Given that Reduce is able to solve some related problems, like can internally do what FrobeniusSolve is doing (according to Properties & Relations), I decided to see if it could do something smart to solve this problem. It seems that it can't because it is a bit slower than binSplitsSized2. I'm sharing it here so that others who are looking into this problem can know that this has been done.

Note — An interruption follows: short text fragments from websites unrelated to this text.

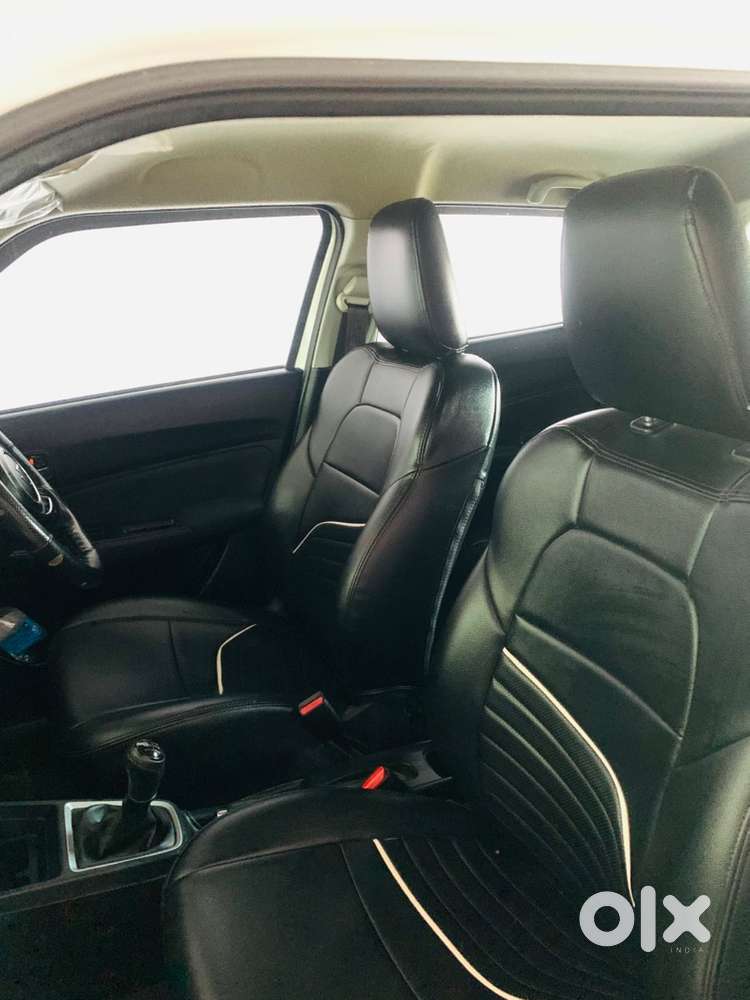 Maruti Suzuki Swift Vxi 2019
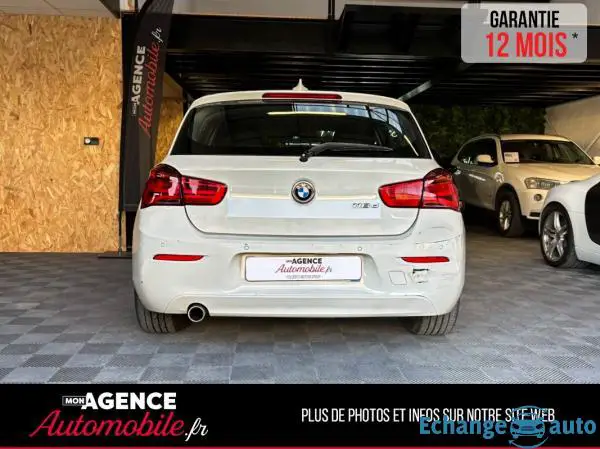 BMW SERIE 1 F20/F21 PHASE 2 116D LOUNGE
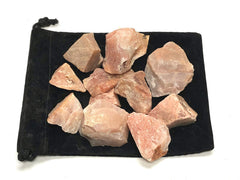 Zentron aventurine stones ideal for tumbling, jewelry making, or decorative displays.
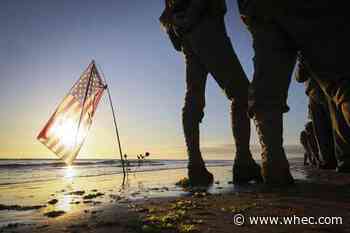Normandy commemorates D-Day with small crowds, but big heart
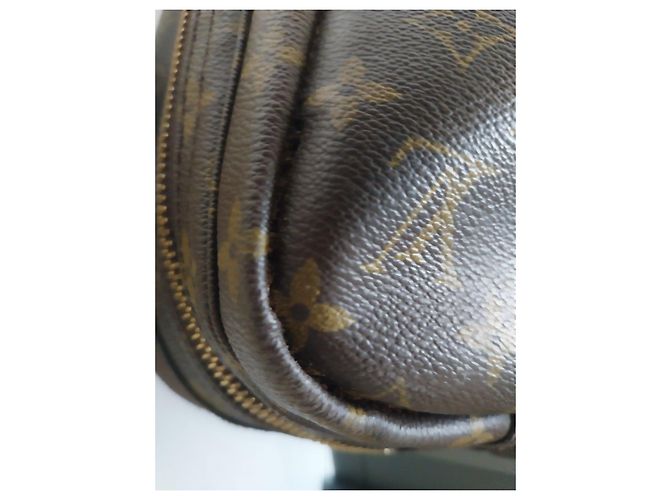 Louis Vuitton Monogram Satellite 65 Marrone - vista 7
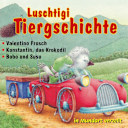 Hans de Beer – Valentino Frosch - Konstantin, das Krokodil - Bobo und Susu (Schweizer Mundart) Hans de Beer – Valentino Frosch - Konstantin, das Krokodil - Bobo und Susu (Schweizer Mundart)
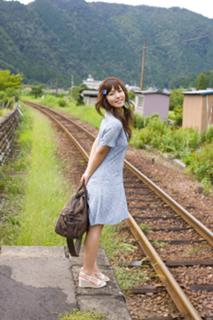 Sayaka Isoyama feet photo 4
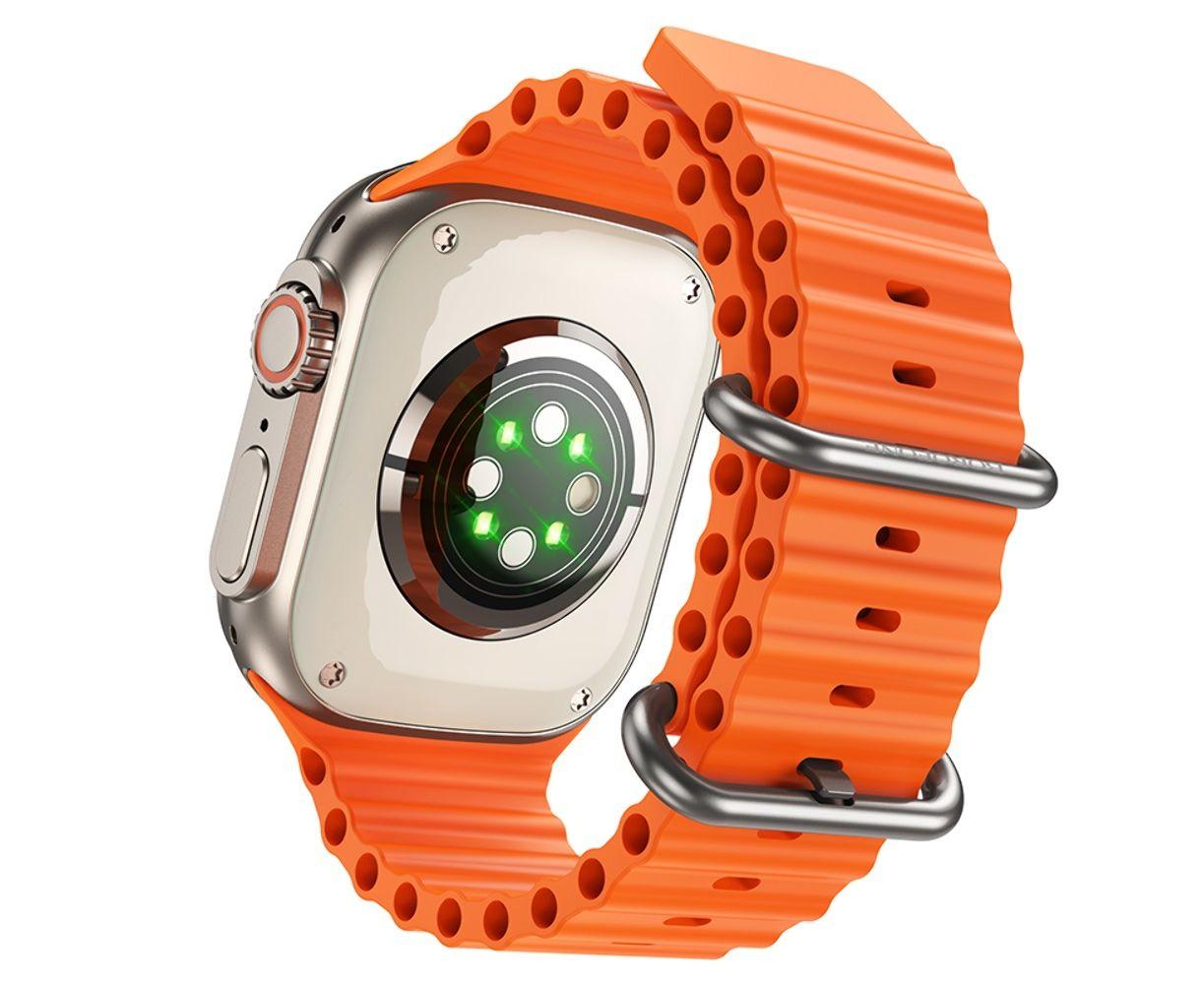 Смарт часы Borofone BD3 Ultra с функцией звонка — изображение 2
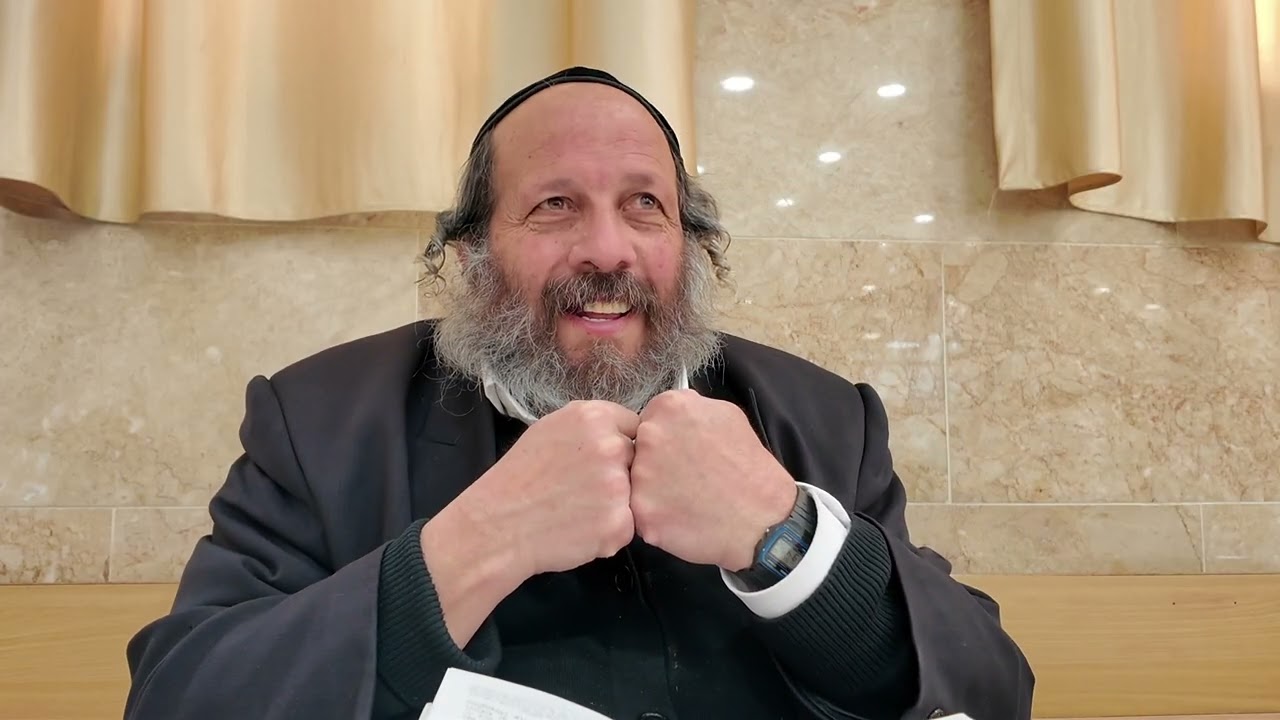 יש לי או אין לי שכל | פרשת ויקהל פקודי - החודש תשפ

constructEqualities[nrOfBalls_, binSizes_] := Prepend[
0 <= Symbol[StringTemplate["x"][#]] <= #2 &,
{Range@Length[binSizes], binSizes}
],
Plus @@ Map[Symbol@*StringTemplate["x"], Range@Length[binSizes]] == nrOfBalls
]

equalitiesToList[eqts_] := Module[{x},
x = List @@ eqts;
x = List @@@ x;
x[[All, All, 2]]
]

split[nrOfBalls_, binSizes_] := equalitiesToList@Reduce[
constructEqualities[nrOfBalls, binSizes],
Integers
]

split[10, {10, 2, 1, 5, 1, 1, 4, 3}] // Length // RepeatedTiming
(* Out: {0.1, 2185} *)

binSplitsSized2[10, {10, 2, 1, 5, 1, 1, 4, 3}] // Length
(* Out: {0.055, 2185} *)